◆ Available data:

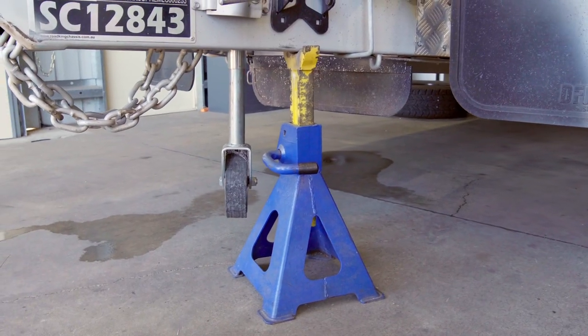Some people choose, if they're going to leave their van off the road for an extended period — six to twelve months or more — not to leave it on its jockey wheel. They might put a jack stand underneath the A-frame and lower things like stabiliser legs to ease the load off the jockey wheel.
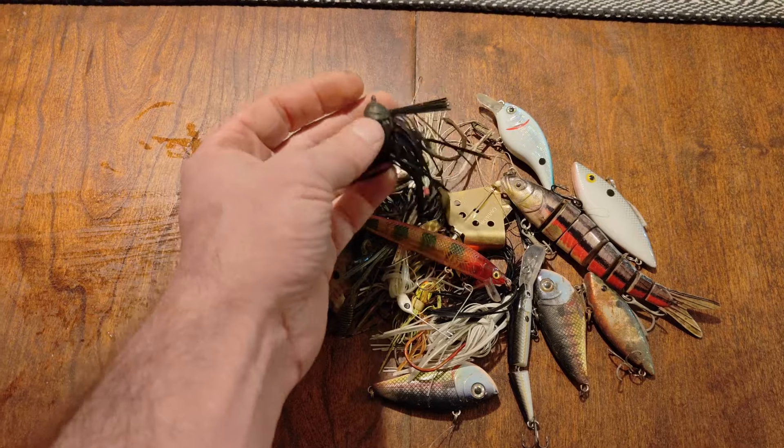So if you take all these baits and combine them with the baits that Luke found on our first outing, the total retail value for all the stuff that me and Luke found is over $110, which is actually really awesome. A lot of this stuff I'm going to put back to use — put new hooks on it and it's ready to roll. Some of this stuff might be a little too crusty to salvage, but we'll see.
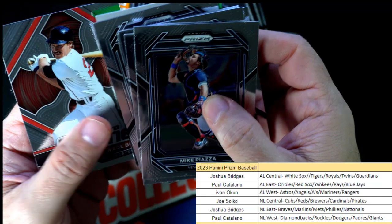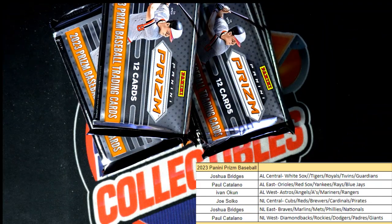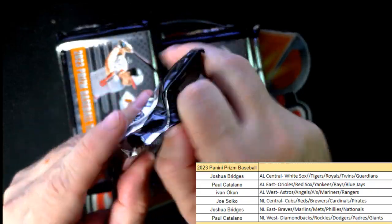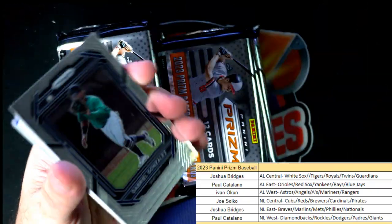We got some points here that somebody's about to steal — at the end of the video we'll random that and somebody's gonna steal those points, so we'll have to credit somebody with some points. I hate when Panini does that — so tough.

◆ Required work: Repeat the listing above word for word, omitting the pictures.

◆ Response to this exercise:
Some people choose, if they're going to leave their van off the road for an extended period — six to twelve months or more — not to leave it on its jockey wheel. They might put a jack stand underneath the A-frame and lower things like stabiliser legs to ease the load off the jockey wheel.
So if you take all these baits and combine them with the baits that Luke found on our first outing, the total retail value for all the stuff that me and Luke found is over $110, which is actually really awesome. A lot of this stuff I'm going to put back to use — put new hooks on it and it's ready to roll. Some of this stuff might be a little too crusty to salvage, but we'll see.
We got some points here that somebody's about to steal — at the end of the video we'll random that and somebody's gonna steal those points, so we'll have to credit somebody with some points. I hate when Panini does that — so tough.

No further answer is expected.